O Instituto Nacional do Seguro Social (INSS) ampliou a lista de doenças graves que permitem a concessão de benefícios por incapacidade sem a exigência da carência mínima de 12 contribuições mensais. A medida, oficializada pela Portaria Interministerial MTP/MS nº 22 em setembro de 2022, inclui agora o acidente vascular encefálico (AVE) agudo e o abdome agudo cirúrgico, elevando para 17 o total de condições que dispensam o cumprimento do período de carência.

Fonte: A Crítica
Essa atualização representa uma redução de barreiras para segurados que enfrentam enfermidades graves e necessitam de afastamento imediato do trabalho. No entanto, é crucial entender que a inclusão na lista não garante a aprovação automática do benefício. O INSS continuará a analisar cada caso individualmente, exigindo a comprovação da incapacidade para o exercício da atividade profissional, além da manutenção da qualidade de segurado e a apresentação de documentação médica adequada.
O que é a carência e por que sua dispensa é importante?
A carência é o número mínimo de contribuições mensais que um trabalhador precisa ter realizado ao INSS para ter direito a determinados benefícios previdenciários. Para o benefício por incapacidade temporária (antigo auxílio-doença), a regra geral estabelece 12 contribuições. A dispensa dessa exigência para as doenças listadas visa amparar trabalhadores que, de forma súbita, se veem impossibilitados de trabalhar devido a condições de saúde graves e de rápida evolução.
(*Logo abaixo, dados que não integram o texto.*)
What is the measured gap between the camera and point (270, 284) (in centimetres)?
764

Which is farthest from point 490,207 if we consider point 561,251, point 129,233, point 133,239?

Lista de Doenças que Dispensam Carência no INSS
A lista atualizada, com 17 condições, inclui:
- Tuberculose ativa
- Hanseníase
- Alienação mental
- Neoplasia maligna (câncer)
- Cegueira
- Paralisia irreversível e incapacitante
- Cardiopatia grave
- Doença de Parkinson
- Espondilite anquilosante
- Nefropatia grave
- Doença de Paget em estágio avançado
- Síndrome da Imunodeficiência Adquirida (Aids)
- Contaminação por radiação
- Hepatopatia grave
- Esclerose múltipla
- Acidente vascular encefálico (AVE) agudo
- Abdome agudo cirúrgico
Comprovação da Incapacidade: Um Passo Essencial
A dispensa da carência é apenas um dos requisitos. Para ter o benefício concedido, o segurado deve:
- Manter a qualidade de segurado: Estar contribuindo para o INSS ou dentro do período de graça.
- Comprovar incapacidade: Apresentar documentação médica detalhada que ateste a impossibilidade de trabalhar.
- Atender aos demais requisitos: Cumprir as exigências legais específicas para o benefício.
A documentação médica deve ser completa e atualizada, incluindo laudos, atestados, exames laboratoriais e de imagem, relatórios de internação e prontuários. É fundamental que os laudos contenham informações claras sobre o diagnóstico (com CID), quadro clínico, período de afastamento recomendado, assinatura do profissional e registro no conselho de classe (CRM/CRO).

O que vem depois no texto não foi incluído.